What is required ▸
Keeping every word the same, give again only the lines from the one with "Santa claus pushing gifts - santa, cart" through the end of the data, both included, and leave every picture out.

Crawled caption data
════════════════

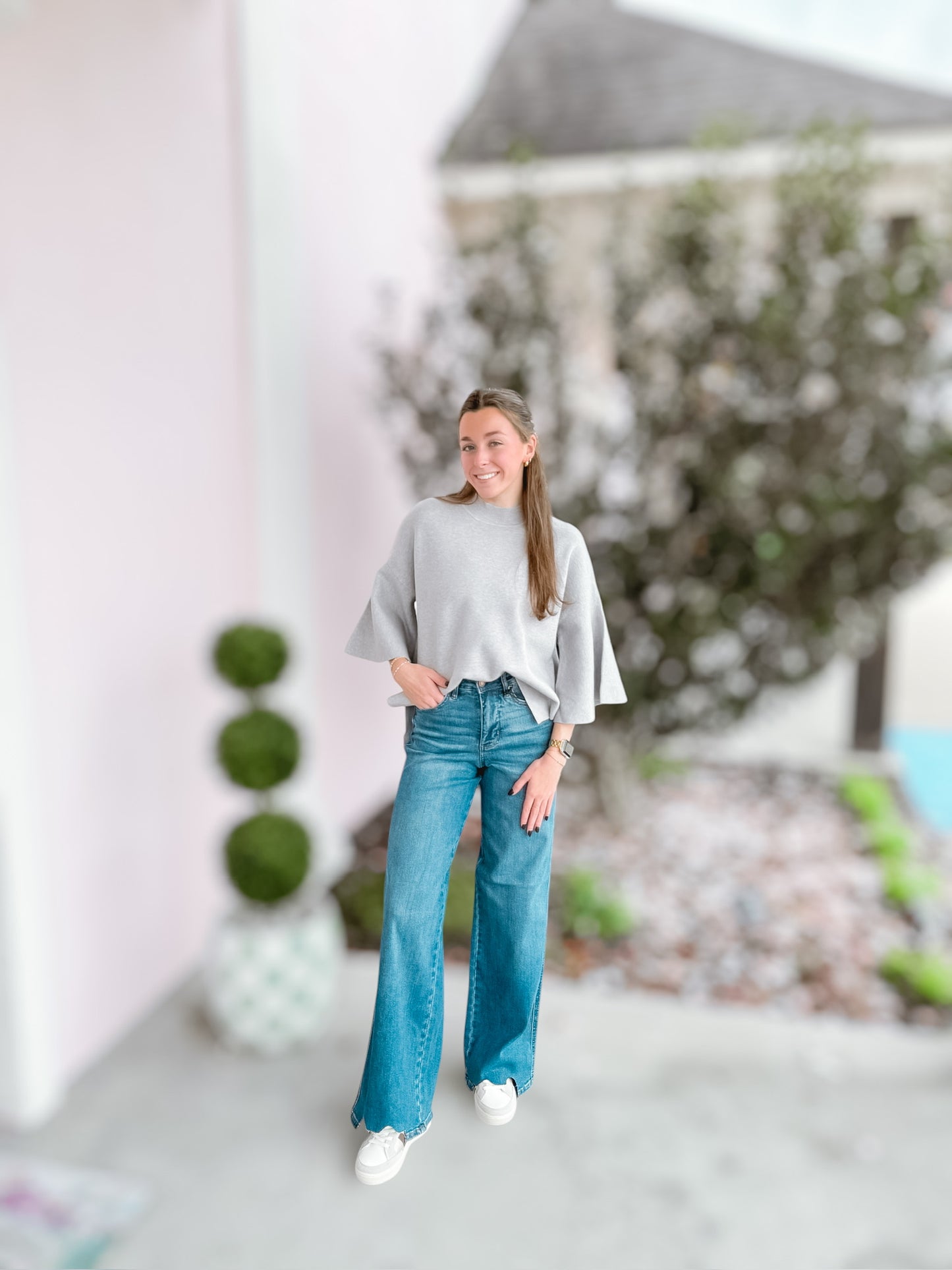 Heather Grey Belle Sleeve Sweater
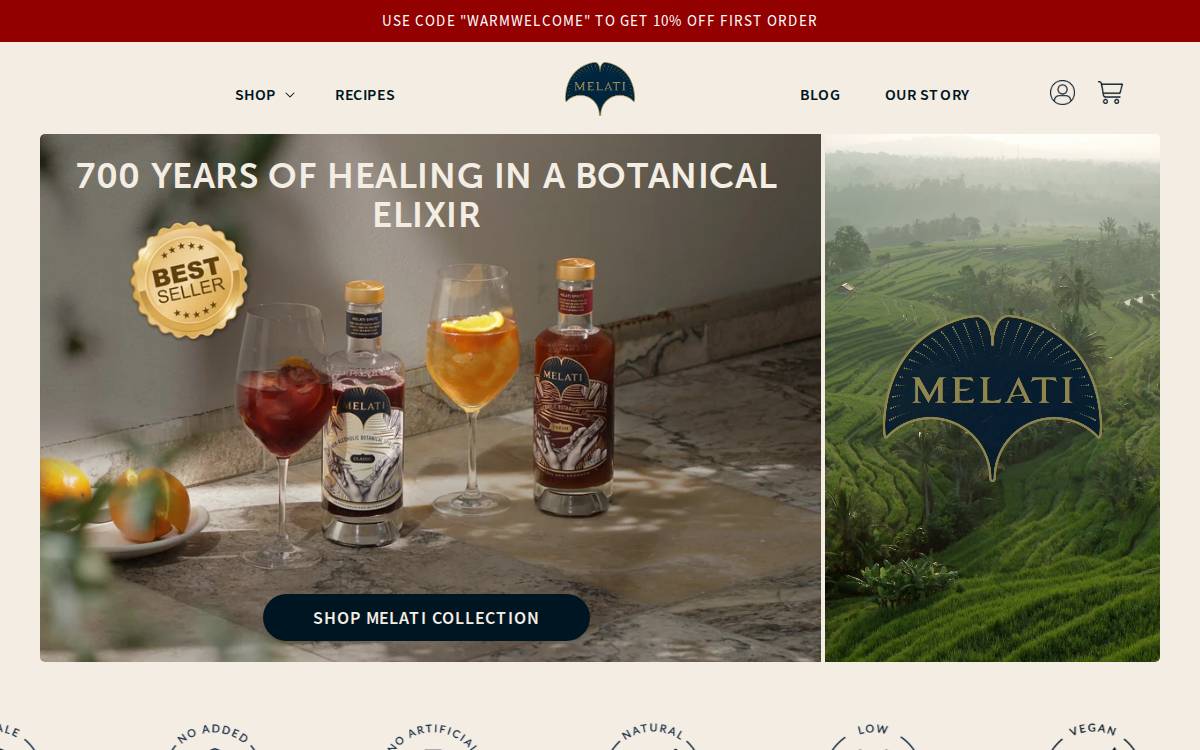 Melatidrinks website preview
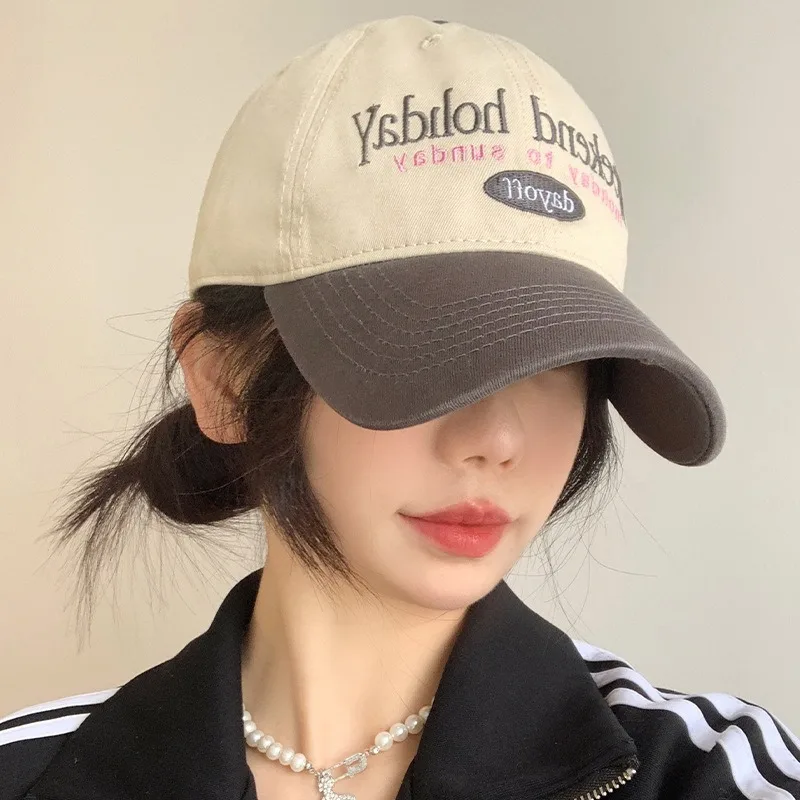 

Fashion Patchwork Baseball Cap For Women Letter Embroidery Snapback Peaked Hat Hip Hop Duck Tongue Cap Unisex Visors кепка Y2k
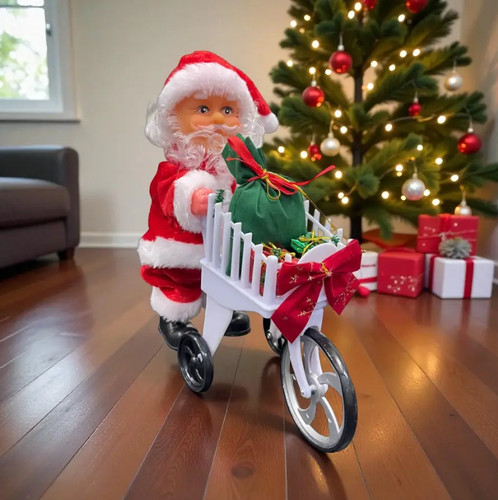 Santa claus pushing gifts - santa, cart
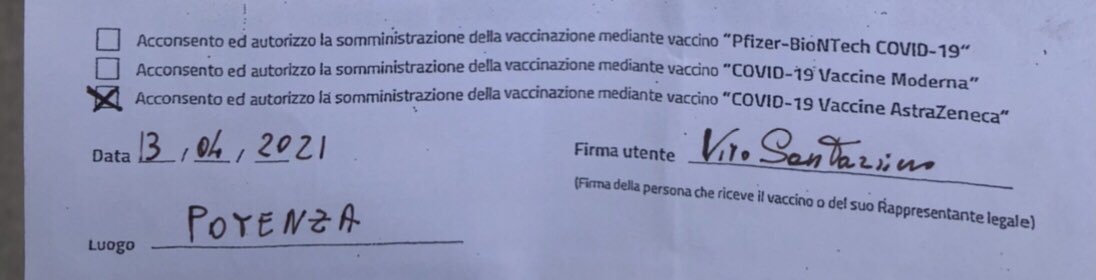 Vaccinato. Chiesto l’Astrazeneca, convinto di aver scelto per il meglio. #vacciniamoci #astrazenica.   Gran lavoro di tutti,operatori sanitari e forze di polizia. Un plauso speciale a Protezione Civile e Associazioni, Boy-Scout in testa.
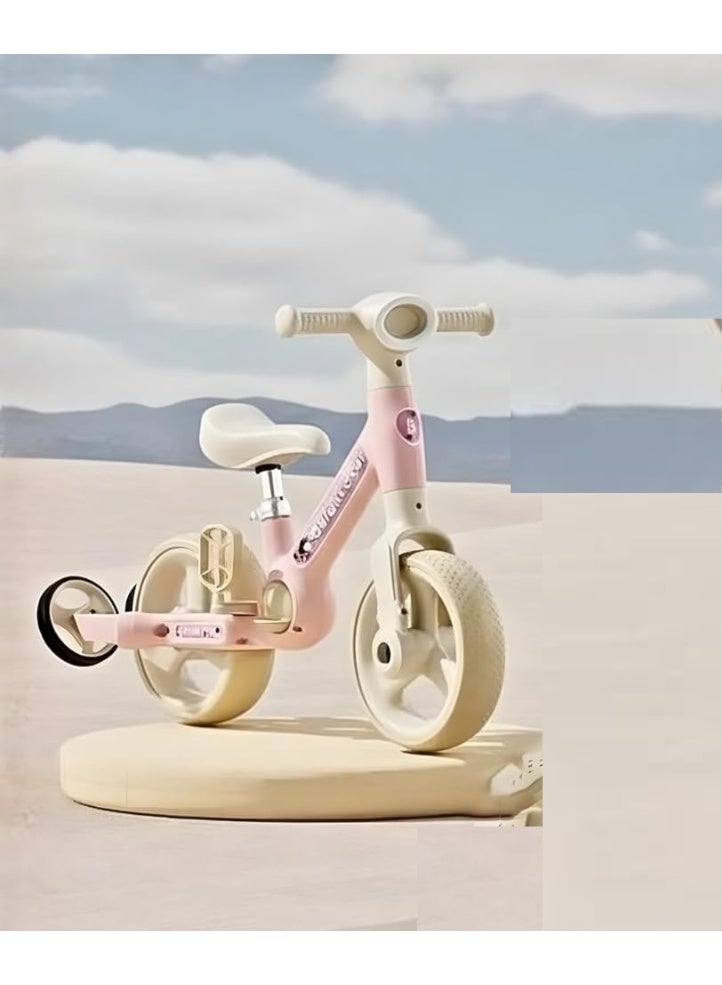 3in1 Kids Balance Bike with Training Wheels Adjustable Height, Shock-Absorbing and Silent Ride Pink - Image 3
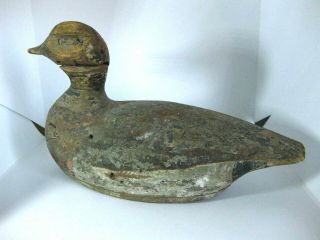 Antique Wooden Decoy,  Mallard,  Carved,  Led Weights Duck Rare One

════════════════

Answer section ▸
 Santa claus pushing gifts - santa, cart
 Vaccinato. Chiesto l’Astrazeneca, convinto di aver scelto per il meglio. #vacciniamoci #astrazenica.   Gran lavoro di tutti,operatori sanitari e forze di polizia. Un plauso speciale a Protezione Civile e Associazioni, Boy-Scout in testa.
 3in1 Kids Balance Bike with Training Wheels Adjustable Height, Shock-Absorbing and Silent Ride Pink - Image 3
 Antique Wooden Decoy,  Mallard,  Carved,  Led Weights Duck Rare One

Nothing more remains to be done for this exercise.